Abou Bilal dirige une petite troupe d’une dizaine de combattants armés de kalachnikovs, de lance-roquettes RPG et de grenades. Il y a là de jeunes miliciens pour qui c’est le baptême du feu. Sur leur visage, un mélange d’excitation et de peur. Et puis il y a les autres. Ceux qui se battaient déjà il y a 30 ans, qui n’ont jamais déposé les armes, qui savent.

Il est un peu plus de 2 heures. Le tir de mitrailleuse qui fixait la petite troupe a laissé place aux rafales d’armes légères. La radio du chef de section crépite, des ordres fusent. Il faut progresser, traverser une rue prise sous le feu d’un sniper.

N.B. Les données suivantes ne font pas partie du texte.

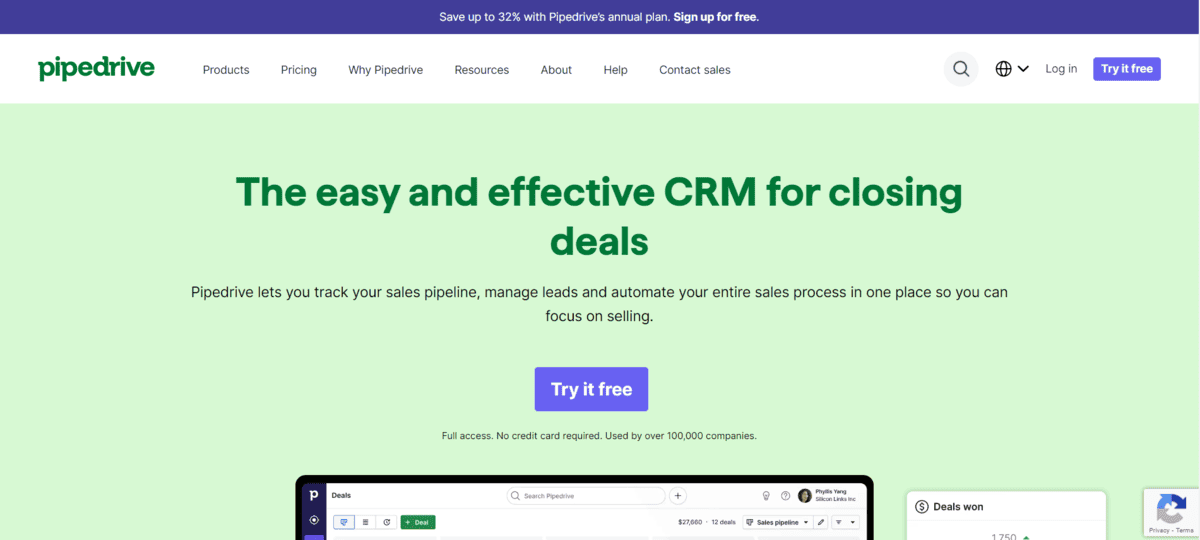 Pipedrive budget-friendly CRM for real estate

En attendant son tour, Abou Nasr, 25 ans, drapé dans un uniforme noir, tente un sourire impossible à afficher. Ses traits sont figés, tendus à l’extrême. L’ordre claque. Il court. Il court aussi vite qu’il peut en rentrant la tête dans les épaules, le dos voûté. Enfin à l’abri sous le porche d’en face, il se retourne, sourit.

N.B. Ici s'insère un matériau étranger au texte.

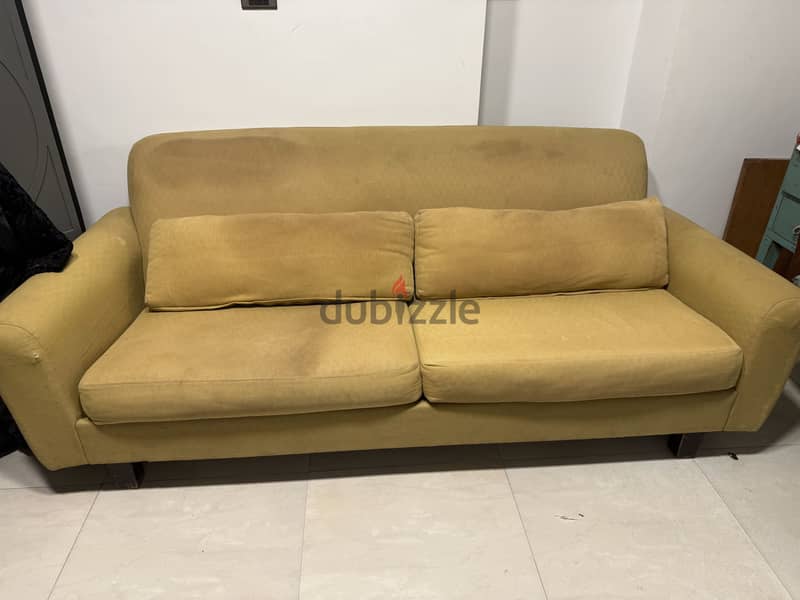 IKEA sofa 1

Logistique digne d’une petite armée

Encore un dédale de couloirs noirs pour éviter les rues trop exposées. Au pâté de maison suivant, un contingent beaucoup plus important de combattants attend presque nonchalamment dans la rue alors que le vacarme des affrontements n’a jamais semblé si proche.

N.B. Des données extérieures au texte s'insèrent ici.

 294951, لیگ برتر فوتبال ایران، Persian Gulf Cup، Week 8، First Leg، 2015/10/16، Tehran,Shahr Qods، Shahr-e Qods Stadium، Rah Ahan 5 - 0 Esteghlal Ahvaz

Quelques miliciens sont même accroupis contre les murs. C’est que les immeubles ici sont hauts et la rue étroite. Peu probable donc qu’un RPG puisse s’y abattre. Des hommes arrivent avec des vivres, de l’eau, de la munition, distribuent des RPG, des grenades.

La logistique est celle d’une petite armée. Rien d’improvisé là-dedans ce qui prouve que malgré la fin de la guerre, l’entraînement des miliciens n’a jamais cessé.

Intervention de l’armée

Les combats à l’arme lourde reprennent et les explosions se multiplient. Soudain des cris envahissent la rue. Un homme portant juste un revolver à la ceinture et qui semble être le commandant de la place hurle en faisant de grands gestes pour ordonner à chacun de se replier dans les immeubles. «Des Alaouites armés de RPG ont été repérés près d’ici et ils pourraient bien attaquer notre position», explique Abou Bilal.

L’information est très vite vérifiée. Moins d’une minute après le repli de la troupe, un RPG s’abat au coin de la rue. Le «blast» de l’explosion compresse une fraction de seconde les cages thoraciques et la rue est instantanément envahie d’une fumée blanche à l’odeur caractéristique. De nouveaux ordres claquent et le contingent se disperse par petits groupes dans les ruelles sous le fracas des armes.

Il est 16h 20 lorsqu’aux abords de Bab al Tabanneh, la tête d’une colonne de blindés de l’armée fait enfin son apparition. Quelques minutes plus tard, elle entamera son déploiement dans la zone, faisant cesser les combats. La mère rencontrée dans la cage d’escalier d’un immeuble du quartier pourra bientôt dire à son enfant que le cauchemar est terminé. Sans pouvoir hélas lui promettre qu’il ne reviendra pas les hanter.

swissinfo, Pierre Vaudan à Tripoli

Les Alaouites sont une branche du chiisme.

Fondé au IXe siècle en Irak, la communauté a gagné ensuite au Xe siècle la région d’Alep.

Le pouvoir syrien est alaouite. Au Liban, ils représentent une petite communauté de 20’000 âmes vivant dans le nord du pays.

La présence syrienne durant la guerre civile, puis l’occupation du Pays durant 15 ans par les troupes de Damas, ont considérablement renforcé leur influence. Ils disposent aujourd’hui de 2 députés.

Les rivalités entre les sunnites et les alaouites provoquent régulièrement des troubles à Tripoli. Les derniers avaient éclatés en mai dernier.